Toplantıda ilk olarak İSİG Meclisi adına Murat Çakır, yürüttükleri çalışmaları aktardı. Çakır, 7 aydır süren OHAL’in iş cinayeti bilançosunun en az 1180 olduğunu belirterek, bu oranın önceki yıllarla kıyaslandığında bir zirve olduğunu ifade etti. OHAL sürecinde aylık ortalama 169 işçinin yaşamını kaybettiğini belirten Çakır, neredeyse tüm sanayi sektörlerinde iş cinayetlerinin arttığına dikkat çekti. İş cinayetlerinde ciddi bir artışın meydana gelmesinde OHAL’in oldukça önemli etkisinin olduğuna dikkat çeken Çakır, “Başkanlık geçerse iş cinayetleri seri bir hal alacak” diye konuştu. Çakır ayrıca OHAL süreciyle birlikte iş cinayetleri istatistiklerine ilk defa “ani ölüm ve intiharların” girdiğini aktardı ve bu durumun patlayan bombalarla, artan baskı ve saldırılarla yakından ilişkili olduğunu ifade etti.

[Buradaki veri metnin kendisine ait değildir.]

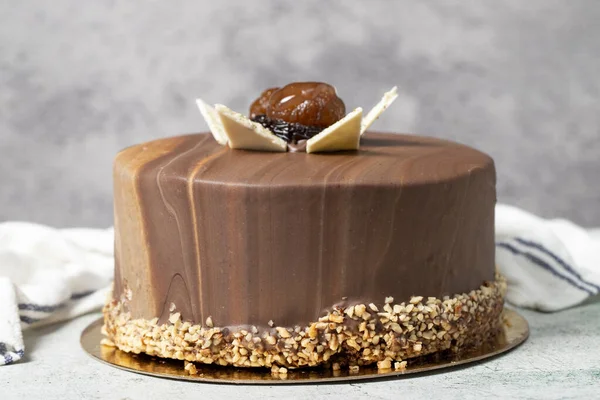Csokitorta Csokoládé Gesztenye Pisztácia Születésnapi Torta Szürke Alapon — Stock Fotó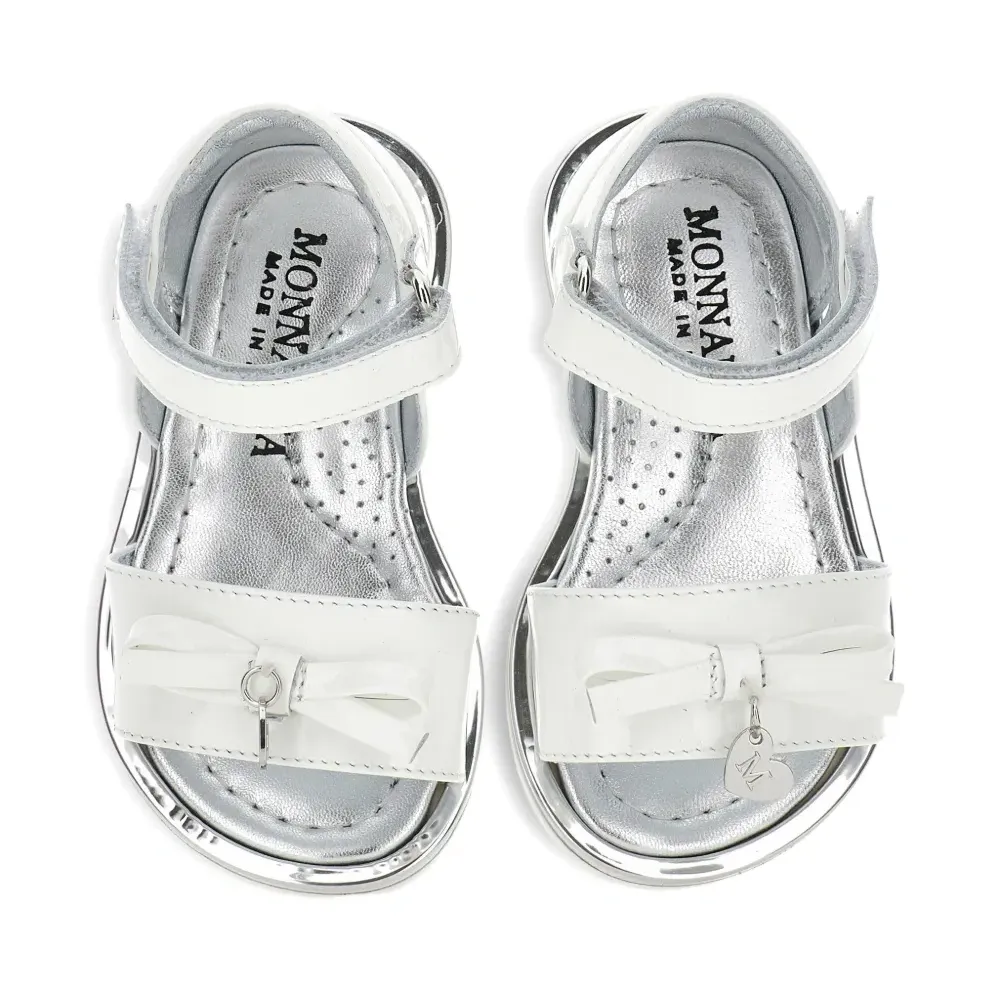 Босоножки с бантами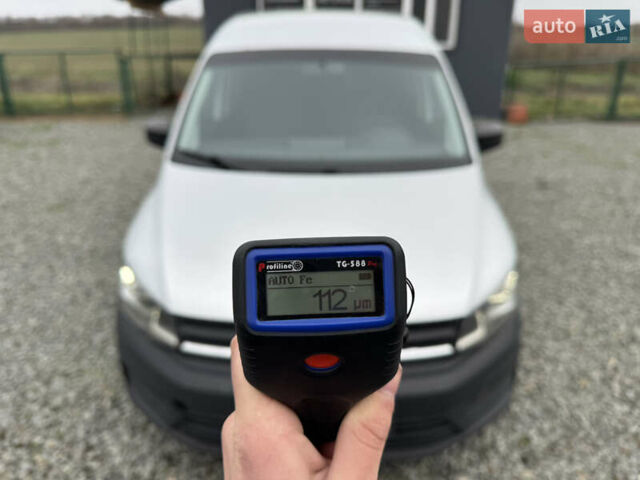 Серый Фольксваген Кадди, объемом двигателя 1.6 л и пробегом 209 тыс. км за 12400 $, фото 17 на Automoto.ua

Çakır’ın ardından İSİG Meclisi gönüllülerinden Erkan Arslan bir konuşma yaptı. OHAL ve KHK’lar rejiminin patronların yararına olduğunu ve bu rejimde işçileri ancak daha katmerli sömürü ve ölüm beklediğini vurgulayan Arslan, Başkanlık sistemiyle birlikte mevcut OHAL ve KHK’lar rejiminin kalıcılaşacağını belirtti. İşçilerin referandumda “HAYIR” demesinin pek çok gerekçesi olduğunu ifade eden Arslan, bu gerekçelerden birinin de işçi sağlığı ve iş güvencesi olduğunu vurguladı.

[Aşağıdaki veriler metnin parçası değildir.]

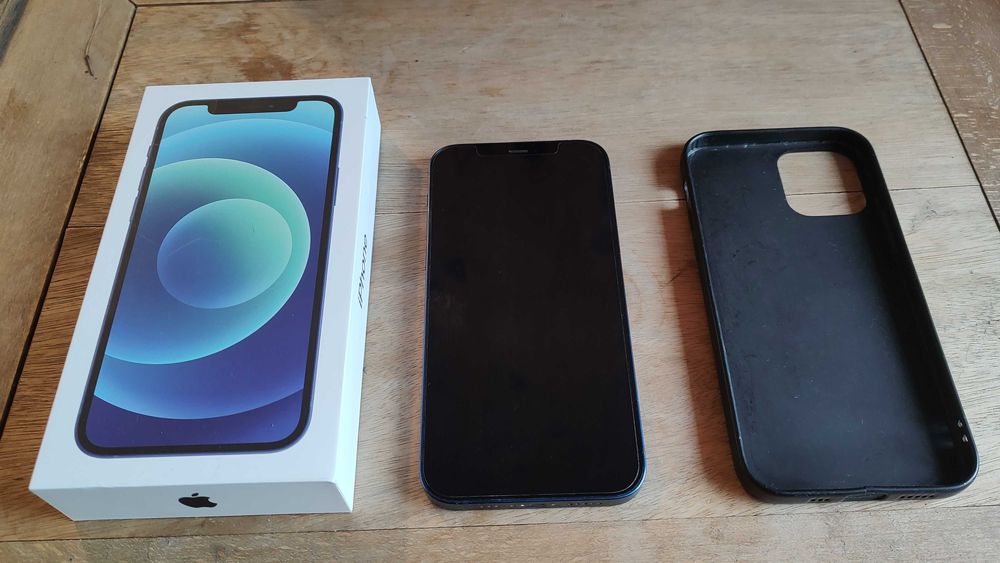 iPhone 12 128GB 5G - bardzo dobry stan + szkło hartowane + etui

Toplantıda akademisyen Özgür Müftüoğlu da bir konuşma gerçekleştirdi. Müftüoğlu, Başkanlık rejimiyle demokrasinin geriletilmeye çalışıldığını belirterek, demokrasinin işçiler açısından önemini vurguladı. İşyerlerinde demokrasinin geriye gidişiyle birlikte işçilerin sağlıksız ve güvensiz çalışma koşullarına itiraz edemediğine, bu durumun da iş cinayetlerinin artışına yol açtığına dikkat çekti.
Toplantı sendika ve kitle örgütü temsilcilerinin konuşmalarıyla devam etti.